I’ve wondered if it matters to Israel haters, “anti-Zionists” if you will, that the modern State of Israel is an oasis of liberal Western values among the repressive Muslim nations of the Middle East. I don’t believe it does. In fact, I believe this factual reality is widely ignored when Israel is criticized for allegedly “oppressing” the indigenous Arab Muslim population who are seeking to realize their “national identity” as Palestinians. A few years ago, I tried to show my college students that Israel, which many of them disdain, embraces their liberal Western values much more than its Muslim neighbors.
In the spring of 2016, I taught Jewish Life and Thought at Rollins College, a private liberal arts school in the Orlando suburbs. Two of my students were taking, concurrently, a Middle Eastern Studies course taught by a female Muslim who wore a head scarf.
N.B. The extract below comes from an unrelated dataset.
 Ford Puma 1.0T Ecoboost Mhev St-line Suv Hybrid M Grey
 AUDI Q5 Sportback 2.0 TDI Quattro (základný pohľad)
One day in class they told me that their professor had shown that class a video on “the Israel lobby in the US.” I immediately responded with my belief that Israel needs a lobby to defend itself in a hostile world. (I also consider it arguable whether a video on the “Israel lobby” in the US even belongs in a Middle Eastern Studies course.)
Not satisfied to leave the matter there, I thought about how to appeal to the sensibilities of today’s liberal arts students. I created a spreadsheet, pictured below, in which I listed various categories of human rights that are well-known to be present in Israel but mostly do not exist in many neighboring countries. I’m grouping them here by categories:
Religious: Mosques, churches, and synagogues can be built.
Sexual: female sexual freedom, LGBTQ people live openly (most places)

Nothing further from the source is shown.